Don de moelle osseuse : il faut « masculiniser et rajeunir le registre »

80 % des prélevements de moelle osseuse ne nécessitent qu’une sorte de grande prise de sang.
80 % des prélevements de moelle osseuse ne nécessitent qu’une sorte de grande prise de sang. - Photo d’illustration - Agence de biomédecine

Contrairement au don du sang, le don de moelle osseuse reste encore méconnu. Avec 350 000 personnes inscrites sur le registre des donneurs volontaires, la France est en retard par rapport à d’autres pays. Si les campagnes de sensibilisation permettent depuis plusieurs années de recruter de nouveaux donneurs – près de 20 000 cette année – ce n’est pas encore suffisant.

« Ce n’est pas le nombre d’inscrits qui reflète la qualité du registre, c’est bel et bien la diversité des profils qui sont représentés parmi les donneurs volontaires », indique l’Agence de la biomédecine.
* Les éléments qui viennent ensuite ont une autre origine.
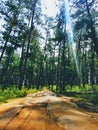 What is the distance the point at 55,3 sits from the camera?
38969 millimetres

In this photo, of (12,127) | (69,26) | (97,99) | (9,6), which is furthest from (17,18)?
(12,127)

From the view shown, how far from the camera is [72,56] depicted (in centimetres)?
5616

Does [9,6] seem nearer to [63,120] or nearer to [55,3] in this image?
[55,3]

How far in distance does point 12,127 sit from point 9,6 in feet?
92.6

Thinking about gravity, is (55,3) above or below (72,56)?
above

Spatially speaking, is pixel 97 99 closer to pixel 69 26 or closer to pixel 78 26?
pixel 78 26

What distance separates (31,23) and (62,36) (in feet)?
36.4

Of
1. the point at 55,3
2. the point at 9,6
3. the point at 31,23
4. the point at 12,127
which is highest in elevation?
the point at 55,3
Depuis le mois d’avril, l’agence, qui relève du ministère de la Santé, a lancé une nouvelle campagne de sensibilisation avec trois objectifs : « masculiniser, rajeunir et surtout diversifier le registre ».

Seulement 36 % des donneurs sont des hommes

En France, le principal problème est le manque de donneurs masculins. Car, si seulement 36 % des donneurs inscrits sont des hommes, ils représentent dans le même temps une majorité des prélèvements – 70 % des donneurs prélevés sont des hommes.
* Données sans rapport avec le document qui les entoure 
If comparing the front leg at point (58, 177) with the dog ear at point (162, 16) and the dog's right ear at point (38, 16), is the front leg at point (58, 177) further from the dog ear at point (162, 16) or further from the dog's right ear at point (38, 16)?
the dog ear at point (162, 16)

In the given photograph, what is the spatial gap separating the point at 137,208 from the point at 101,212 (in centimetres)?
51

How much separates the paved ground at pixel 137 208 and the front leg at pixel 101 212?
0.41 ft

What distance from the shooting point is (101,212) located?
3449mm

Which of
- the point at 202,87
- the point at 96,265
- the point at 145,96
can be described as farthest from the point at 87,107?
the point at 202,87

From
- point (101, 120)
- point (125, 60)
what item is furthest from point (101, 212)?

En effet, les médecins privilégient les donneurs aux donneuses pour des raisons immunologiques. De la même manière, une greffe a plus de chance de réussir lorsque le donneur compatible est jeune.

Diversifier les profils

Chaque année, près de 2 000 patients ont besoin d’une greffe de moelle osseuse provenant d’un donneur ayant un profil génétique compatible. Or, cette compatibilité est rare.

« Pour réaliser une greffe de moelle osseuse, il est nécessaire de trouver un donneur compatible avec le patient, c’est-à-dire quelqu’un dont les caractéristiques immunologiques sont le plus proche possible de celles de la personne malade », indique l’Agence de biomédecine. Et, comme « chaque malade possède son propre profil immunologique, déterminé en partie par ses origines géographiques et son histoire génétique familiale », il est essentiel de diversifier les profils des donneurs volontaires.

80 % des dons se font par prise de sang

Souvent confondu avec la moelle épinière, le prélèvement de moelle osseuse peut se faire de deux manières – et rien à voir avec la colonne vertébrale. Dans la majorité des cas, le don ne nécessite qu’une sorte de grande prise de sang, indolore, appelée cytaphérèse. Sinon, il est également possible de prélever la moelle osseuse dans les os du bassin, sous anesthésie générale.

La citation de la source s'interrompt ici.